However, the purge was not enduring. When later popes lost interest, bad old habits returned. This is hardly surprising. As the historian Norman Cohn once observed, “clergy constantly slipped into laxity – as any large body of human beings will tend to do”. Imposing austerity is a little like jumping in the air to defy gravity; it can be kept up for a time but eventually more profound forces will come into play.

By the 12th century the Catholic Church was back to its old ways. Those who could not stomach its power, its arrogance, its hunger for rent and tithes, and its clergymen’s luxurious lifestyle, looked elsewhere. Heresies flourished, from the Cathars and the Waldensians to those of eccentric charismatics, such as Tanchelm, who, for a few years in the Low Countries from 1112 won over many thousands of followers with his claims to be the equal of Jesus (which he backed up by having himself betrothed to a wooden statue of the Virgin Mary).

A pattern had been established, which has continued ever since: of excess and austere reaction. In the early 13th century the Church purged itself anew, notably by establishing two intensely austere monastic orders, the Dominicans and the Franciscans.

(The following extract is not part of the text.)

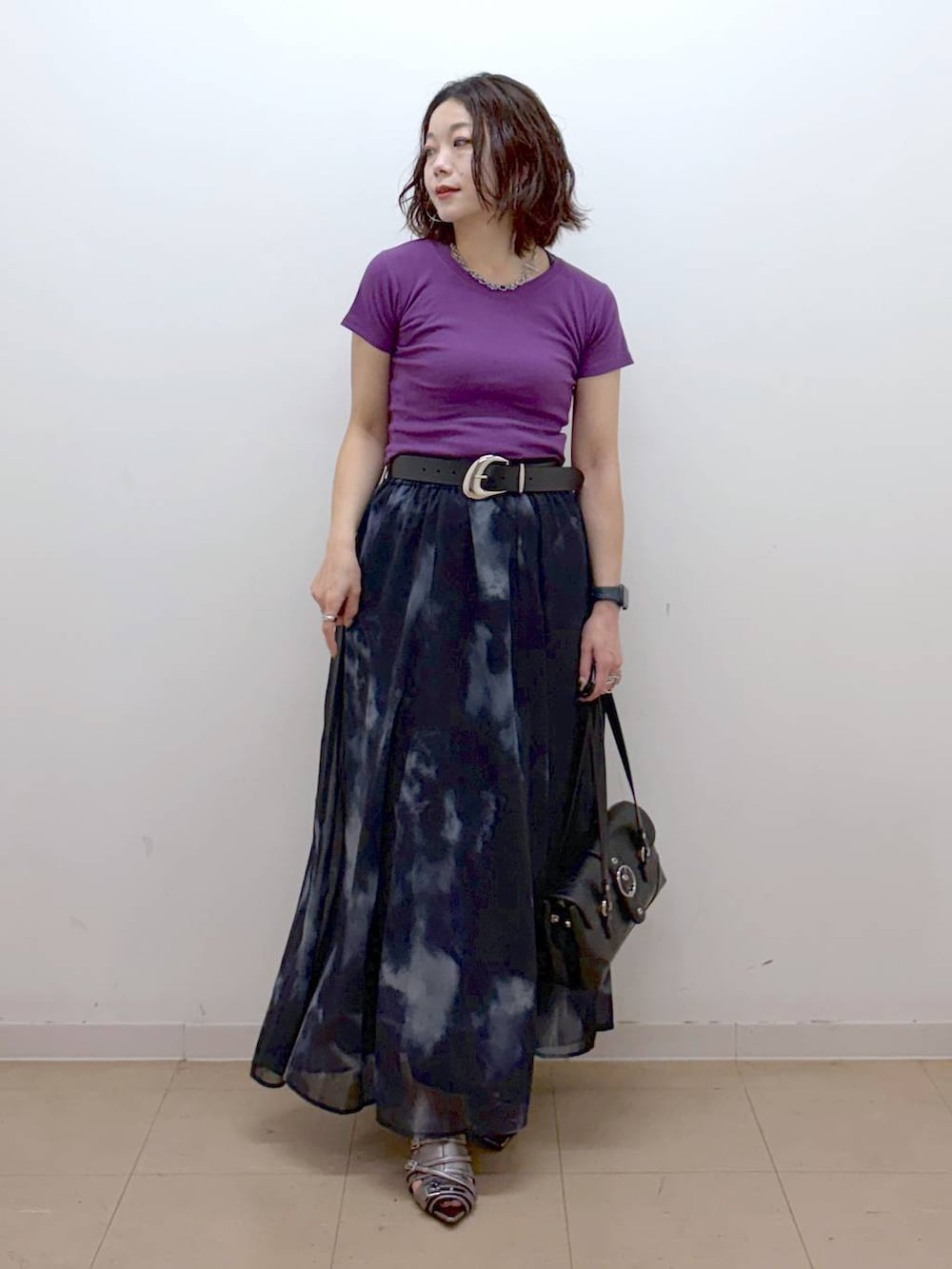 ブラック系のスカート、その他のサンダル、パープル系のTシャツ/カットソーを着用したレディースの夏コーディネートの8枚目の写真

Members of both took vows of poverty. Saint Francis of Assisi, the founder of the Franciscans and the present pope’s namesake and inspiration, set something of a benchmark for unworldliness. He began his preaching career half starved and semi-naked. Alarmingly for the Church, he was not even a clergyman.

In another age he might have been burned as a heretic but his timing was good. The reformist pope Innocent III saw how useful he and his followers could be and gave them his sanction. Innocent was soon proved right. Both the Franciscans and the Dominicans did wonders for the tarnished image of Catholicism and the Church. They also became heavily involved in its new heresy-smashing organisation, the Inquisition. Heresies were driven back and crushed.

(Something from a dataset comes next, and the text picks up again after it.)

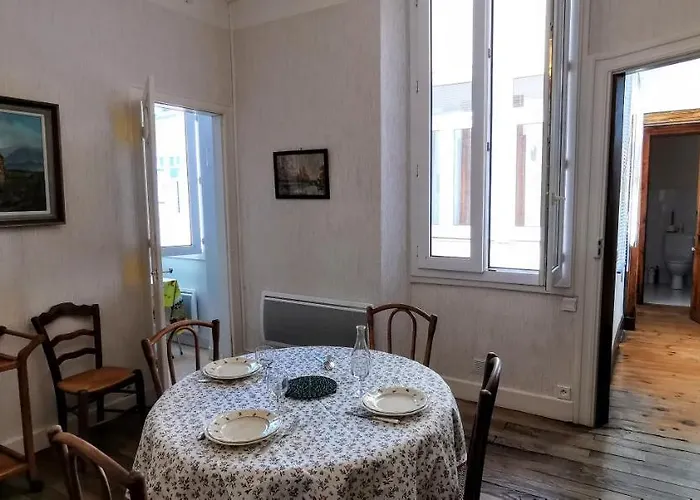 Ana * Bagneres-de-Bigorre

By the 14th century, though, laxity had again crept back in. Popes and cardinals lived in infamous splendour in their new home, Avignon. By the end of the century the Church lost further respect when first two and later three rivals each claimed to be the true pope. Heresies abounded, culminating in an explosion of religious revolt in Bohemia, which seceded from the Catholic Church, only to be conquered and brought back into the fold.

Although the Church managed to bring itself to order for a time, excess again asserted itself with the Borgia family. This time worldliness helped bring the greatest defeat of Catholicism. Under Pope Leo X (1513-21) the enormous cost of rebuilding St Peter’s in Rome inspired an unusually venal campaign for donations. Disgusted, Martin Luther denounced the papacy. When princes backed him, Catholicism’s religious monopoly in western Europe was broken.

Yet the shock of this setback triggered one of the Church’s fiercest austerity fightbacks. At its forefront was yet another new monastic order sworn to poverty, the one through which Francis has made his own career – the Jesuits. With Jesuit help, the Church improved its image. It maintained its ascendancy in southern Europe and even regained an eastern Europe that had seemed all but lost to Protestantism, thanks to the Jesuits’ ingenious idea of offering free (Catholic) schooling to the children of the rich and powerful.

Probably we should not be surprised by the spectacle of this constant tug of war between austerity and excess. Every religion has its fault lines and this struggle reflects one of Catholicism’s deepest. It is the tension between the idealism of its very earliest days and the worldliness of its rise as a religion with power.

Under the guidance of Saint Paul in the first decades after Jesus’s death, Christianity moved into austere waters indeed. The early Christians make Pope Francis’s aspirations seem those of an idle pleasure-seeker. Saint Paul’s Christianity venerated everything that was abstemious and plain: plain clothes, plain food, meekness and, most of all, sexual abstinence. Some zealous early Christians even advocated chastity within marriage. The early Christians abhorred anything that smacked of indulgence: fine living, spicy food, flirtation and especially any kind of extramarital or unconventional sex. Simplicity and poverty were revered.

Yet even in those early days contradictions were evident. For one so keen on meekness, Paul was surprisingly keen to charm the wealthy and influential, and he converted a number of them. In the 4th century his successors hit the bullseye and won Emperor Constantine to their side, and with him the power of the Roman imperial state.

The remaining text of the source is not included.